Из крупных и более-менее развитых латвийских предприятий сохранился только VEF, и то благодаря тому, что руководитель завода Александр Типайнис пролоббировал в правительстве очень высокие заградительные пошлины на импортные радиоприемники – 10 лат за каждую радиолампу. С 1935 года завод стал экспортировать радиоприемники в Великобританию, Швейцарию, скандинавские страны. С 1935 года на заводе стали выпускаться ограниченными партиями самолеты, дорожные машины, автомобили и мотоциклы. Кое-какие ниши нашли и другие прибалтийские страны. В Эстонии в 1930-х годах бурно развивалась сланцевая промышленность, перерабатывавшая сланец на сланцевое масло и бензин. Если в 1929 году добывалось 517,6 тысячи тонн сланца, выпускалось 11,2 тысячи тонн сланцевого масла и 690 тонн бензина, то в 1939 году добыча сланца выросла до 1642,1 тысячи тонн, выпуск сланцевого масла до 180,1 тысячи тонн и бензина до 22,4 тысячи тонн
[14]
. Главным потребителем этой продукции стала Германия, таким образом восполнявшая дефицит жидкого топлива. Но это все, чего прибалтийские страны достигли за годы своей независимости.

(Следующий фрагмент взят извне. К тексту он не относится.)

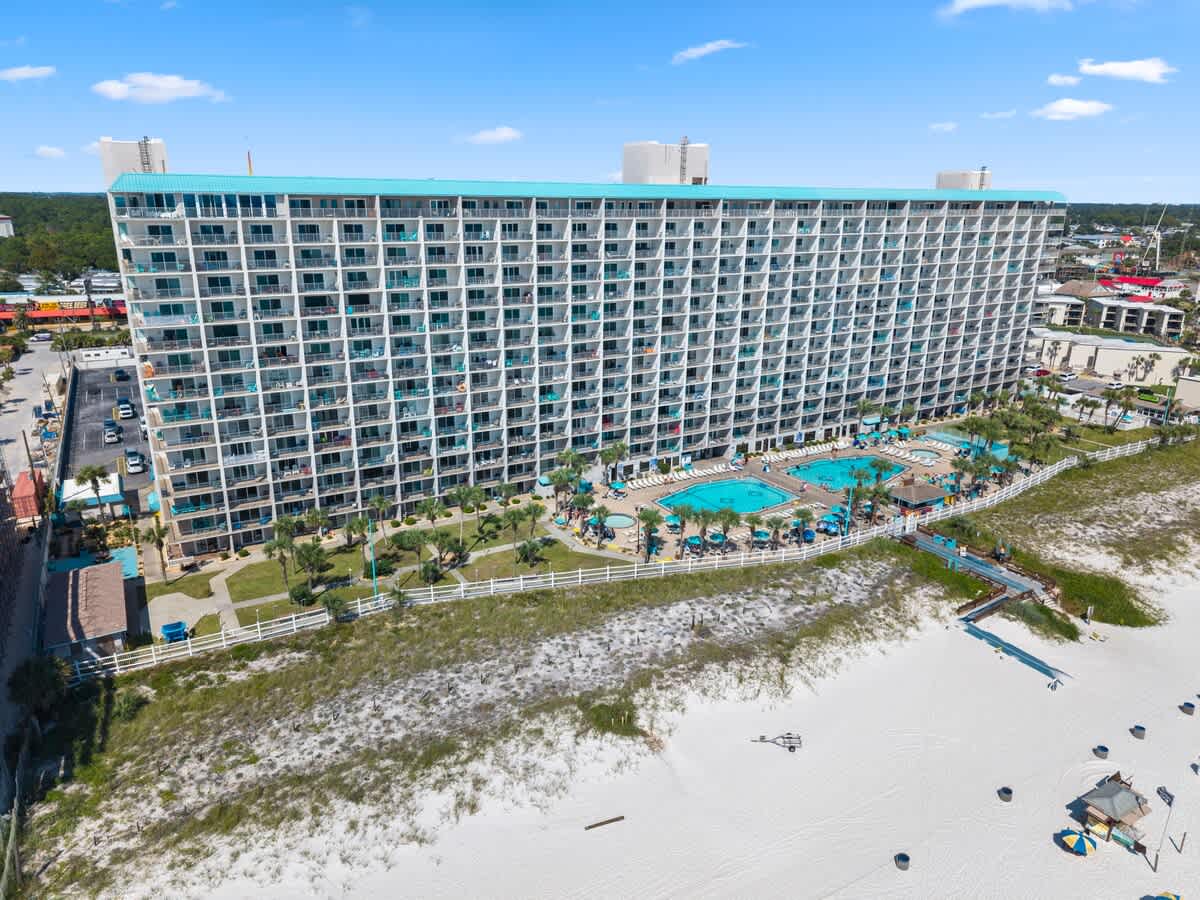 The Summit Penthouse 1501 – Aerial view of a beachfront resort with pools, palm trees, and a white sandy beach.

Итак, «огромные экономические успехи» прибалтийских стран в межвоенный период состояли в том, что страны Прибалтики деиндустриализировались, и это их состояние было закреплено и усилено экономической политикой их правительств.
Для сравнения, в Псковской области, которая в 1930-х годах то существовала в качестве самостоятельного округа, то передавалась в подчинение Ленинградской области и по своим условиям мало чем отличалась от Эстонии, шла индустриализация. В 1930 году были запущены Псковская ТЭЦ на торфе, механический завод «Выдвиженец», выпускавший запчасти для льночесальных машин, в 1931 году вступил в строй завод «Металлист», ранее созданный на базе дореволюционного литейно-механического завода Штейна, полностью реконструированный, производивший льночесальные машины, льнокомбайны, а потом и машины для добычи торфа. Развивалось производство, ориентированное на механизацию переработки местного сырья – крупные заводы в приграничных округах – Псковском и Великолукском не строились.
Драка за сосновые шишки
Теперь рассмотрим социальные последствия этих экономических процессов в прибалтийских странах и посмотрим, так ли уж хорошо жилось в довоенной Прибалтике, как утверждает Марк Солонин.
Итак, Прибалтика деиндустриализировалась и превратилась в аграрные государства. В Латвии и Эстонии в первые годы независимости провели земельную реформу, связанную с разделом помещичьих земель, аналогичную польской, которая была направлена на поддержку товаропроизводящих кулацких хозяйств.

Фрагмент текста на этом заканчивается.